I’m pretty sure that this code can be further improved, as it has been evolved for quite some time and I didn’t re-engineer it. So if you’re up for it, please don’t hesitate to post an improved version!

For large JSONs, the table can get very long and it could be beneficial to view it in a more compact form (actually a form that would provide tables for a relational model). I will show this in an upcoming article, so if you’re interested in it, make sure to subscribe to my blog not to miss it.

Enjoy & stay queryious 😉

Comments (33) Write a comment

  1. Pingback: Flattening JSON In Power BI – Curated SQL

    • Yes, I’m coding directly in Power Query: Either in the formula bar or the advanced editor.

      Reply

  2. Pingback: Power BI Sudoku, Custom fonts, DAX and more... (June 25, 2018) | Guy in a Cube

  3. Hello,

    long time fan – first time post.

    I am experiencing difficulties using this –

    do i need to replace in the script to reference MY json ?

    when the function is built – it won’t let me select a table to run the function – when I type my table into the function input it isn’t running.

    my json table is not expanded at all.

    the function is created – it just wont let me type in the json in the paramater to invoke the function.

    any insight is greatly appreciated.

    Reply

    • Hi Jeff,
      my function doesn’t expect a table as an input, but a JSON-format instead.
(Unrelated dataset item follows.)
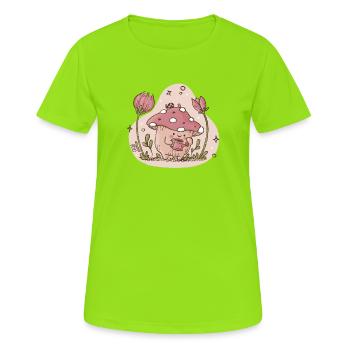 Champignon Mushie - T-shirt respirant Femme - vert néon - Devant - AI Model Female 172 dark (172cm)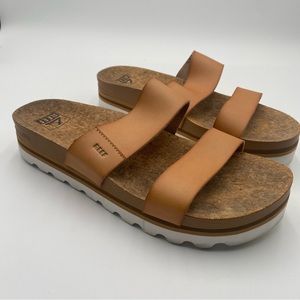 Reef Women's Cushion Vista Hi Flip Flops Sandal Tan Size 10 VGC SEE PICS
That’s basically a text-file/string in JSON-format.
      So if you have transformed your JSON to a table already, you have to delete those steps and feed the raw JSON to my function.
      /Imke

      Reply

      • Hi,
        Great Work!!
        I am new to usinf functions in power BI, do you have some steps scrrenshots hoe to give the JSON input to this function (my json is from cosmos db), Thank you

        Reply

  4. I am getting results in rows rather I would prefer to be displayed in columnar structure. Is it possible to get the results like Column – Headers and Rows – values?
    eg:
    Value Name Name1
    1 data id
    aaa data name
    2 data id
    bbb data name

    Expected output:

    Id name
    1 aaa
    2 bbb

    Reply

    • Yes: You can pivot the data to achieve this.
      For this you want to add a column that cuts off the figures after the last . within the Sort-Column.

      But due to the (mostly) nested structure of JSON-files, one table with all the results might not be the ideal solution. So you might want to filter the data according to the different tables you want to create out of the data before.

      Reply

      • Hi,

        Thanks a lot 🙂

        I have tried suggested solution. It is working and able to retrieve data in columnar structure.
        But when it comes to more than one level(if nested structure), not able to achieve solution dynamically.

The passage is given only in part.